Every line below from the one with "Botswana Agate Gemstone" through the one with "CNS213 15.5 inches" should be retyped exactly, both ends included; no other lines and no pictures.
** Opening MATERIAL PROVIDED block **
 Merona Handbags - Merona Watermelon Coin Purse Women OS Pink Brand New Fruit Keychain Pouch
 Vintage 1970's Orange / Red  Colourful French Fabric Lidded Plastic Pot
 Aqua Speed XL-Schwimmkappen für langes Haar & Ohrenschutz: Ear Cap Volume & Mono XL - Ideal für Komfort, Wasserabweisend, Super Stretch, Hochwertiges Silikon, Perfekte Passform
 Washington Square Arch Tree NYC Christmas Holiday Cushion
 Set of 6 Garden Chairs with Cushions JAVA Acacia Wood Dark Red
** Closing MATERIAL PROVIDED block **
** Opening MATERIAL PROVIDED block **
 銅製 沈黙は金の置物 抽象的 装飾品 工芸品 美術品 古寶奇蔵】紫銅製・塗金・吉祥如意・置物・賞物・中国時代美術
** Closing MATERIAL PROVIDED block **
** Opening MATERIAL PROVIDED block **
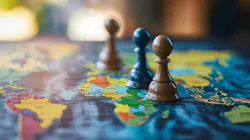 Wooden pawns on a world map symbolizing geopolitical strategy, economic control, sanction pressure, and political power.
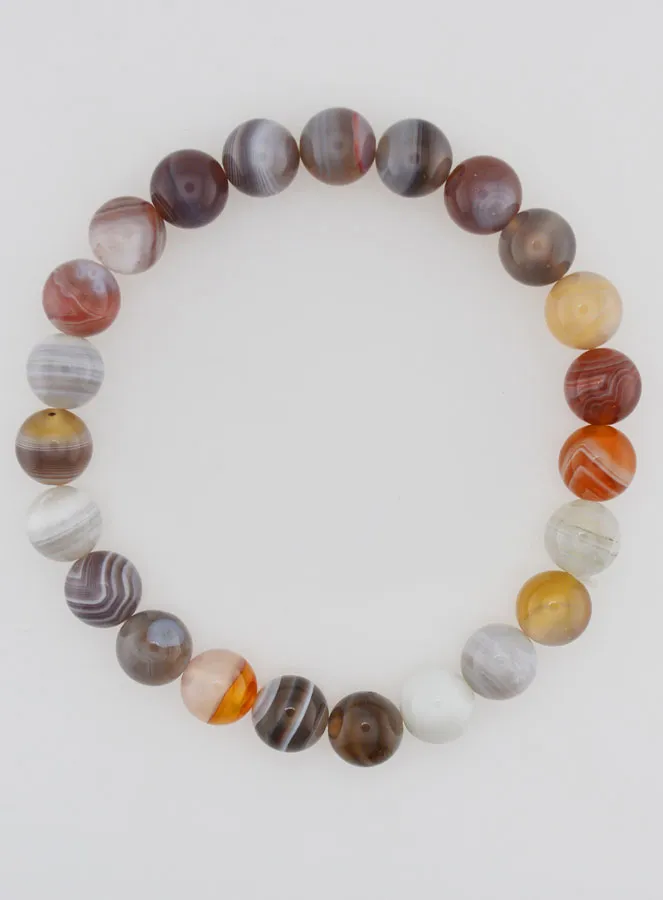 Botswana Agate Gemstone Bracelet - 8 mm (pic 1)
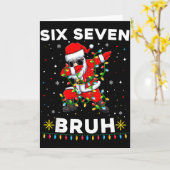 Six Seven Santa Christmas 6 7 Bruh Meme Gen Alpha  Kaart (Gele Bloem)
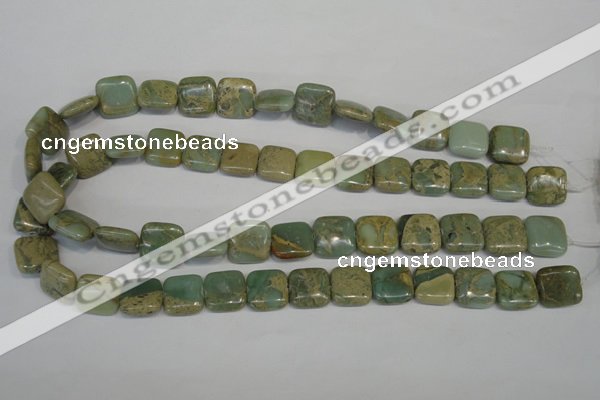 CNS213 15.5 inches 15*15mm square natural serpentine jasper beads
** Closing MATERIAL PROVIDED block **
> **OUTPUT OF THE TASK**
 Botswana Agate Gemstone Bracelet - 8 mm (pic 1)
 Six Seven Santa Christmas 6 7 Bruh Meme Gen Alpha  Kaart (Gele Bloem)
 CNS213 15.5 inches 15*15mm square natural serpentine jasper beads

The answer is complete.